E temos a Cameron Cook, uma americana negra que foi contratada por Baddingham para fazer subir o share, que quer subir num meio patriarcal e branco e que faz subir a tensão dos homens que a rodeiam de diversas formas. E a vizinha Lizzie que é casada com um monte de esterco que apresenta o programa da tarde e não consegue ver a mulher incrível com quem está casado, porque o ego lhe obstrui a visão. E Fred que é casado com a Mousie, que está mais interessada nos seus gladíolos, na sua ascensão social e em controlar as calorias que o marido ingere, que no marido em si. E Monica, a mulher de Baddingham, que apoia o marido em tudo, formando uma parceria que o ajudou a chegar onde chegou, mas cuja lealdade tem limites. E mais uma mão cheia de personagens interessantes, bem construídas e representativas de uma época a braços com uma mudança de paradigma de costumes, liberdades e opções no leito.

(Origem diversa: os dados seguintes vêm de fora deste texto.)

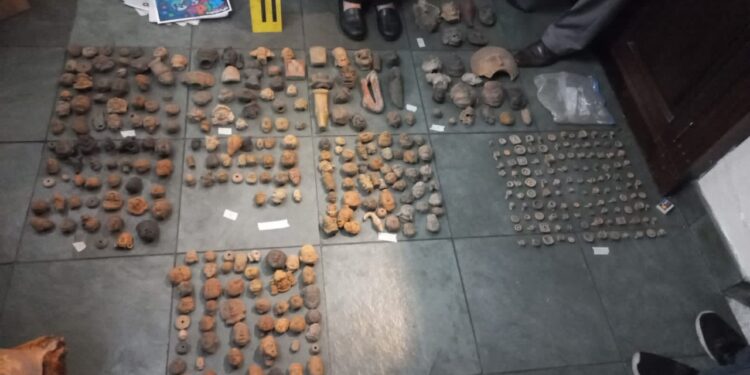 Investigadores localizan más de 700 piezas arqueológicas en allanamientos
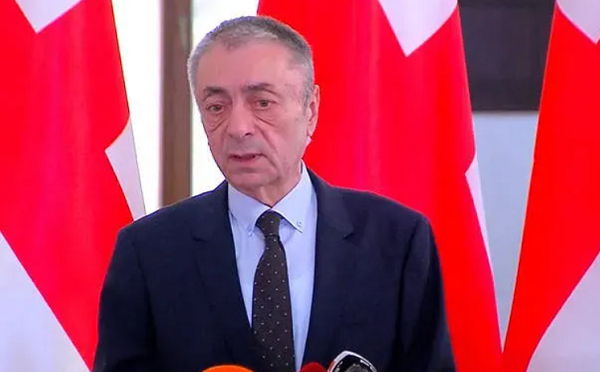 დღეს „ბაიერნმა“ რომ გამოაცხადოს, კარში შარმანაშვილი დგებაო, პსჟ ამას არ გააპროტესტებს? - არა, ოპოზიციამ იცის, რას ნიშნავს მდინარაძის პოლიტიკაში მობრუნება, იმიტომ არიან ასეთ ხასიათზე - თენგიზ შარმანაშვილი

David Tennant é brilhante a fazer vilões e o Lord Tony Baddingham é mais uma prova disso. Recomendo Jessica Jones, série da Marvel extremamente subvalorizada na minha opinião, em que Tennant é maquiavélico de tirar o sono. Já ao Alex Hassel nunca tinha posto a vista em cima e apreciei cada momento. E não vou particularizar a cena em que ele joga ténis nu. Longe de mim. Na verdade, as interpretações são ótimas na generalidade e quase todos dão o corpo ao manifesto de forma relativamente explícita, com ou sem porte atlético, medidas padrão e harmonização facial, o que me agradou particularmente. Avanço até que uma das cenas mais sensuais é interpretada por um homem e uma mulher que não são o protótipo do eye candy, mas mostram como se faz.

É bom entretenimento com substância e múltiplas camadas. Tem um mix muito bem feito entre a reconstituição da época com referências a personagens e eventos verídicos, e a história ficcionada. Tem romance ingénuo, gente muitíssimo depravada, mercenários capazes de tudo para passar por cima dos outros e outros tantos com os valores no sitio certo. Dá vontade de ver de uma assentada (vi em dois dias, apenas por falta de tempo), as interpretações são de fino recorte, a direção de arte leva-nos para os coloridos e cabeludos anos 80 e para quem adora televisão isto é um deleite em 8 episódios, que espero do fundo do coração não se fiquem por aqui, até porque há mais uma série de livros adaptáveis.

Vou fazer aqui uma pausa nos Rivais e usar o meu tempo de antena para o seguinte: desde que me entendo por gente que a primeira coisa que faço quando o dia começa, e/ou quando chego a casa, é ligar a televisão. Quando só havia a RTP, via tudo o que tinha para me oferecer, incluindo o 70X7 e o TV Rural. Lembro-me de não ansiar pelo fim-de-semana, porque não havia Tieta de Agreste. Do meu dia favorito da semana ser a segunda-feira, porque dava o 1,2,3. É claro que depois vieram os canais privados que também consumi com ganas, o YouTube, as plataformas e sucedâneos e vou a todos. Porque faz parte do meu trabalho, porque sou viciada, mas fundamentalmente porque posso e tenho dinheiro para isso. A liquidação do canal público de televisão que está em curso é para mim tão absurda e  prova um alheamento tão grande daquilo que é o “país real”, que é tão usado em discurso político e tão ignorado pelo poder decisor, que espero sinceramente que o sonho molhado dos canais privados não se transforme em realidade. A dada altura Baddingham diz que “A vingança é um prato que se serve melhor na televisão” e espero que a RTP se continue a vingar de quem a quer atacar servindo o país.

Voltando à programação habitual: no último episódio de Rivais, há um discurso que é uma carta de amor à caixa mágica. Espero que os lordes do streaming a tenham ouvido com carinho e anunciem nova temporada, por amor à televisão, ao dinheiro ou só para ver gente a pinar com prazer e sem pudor.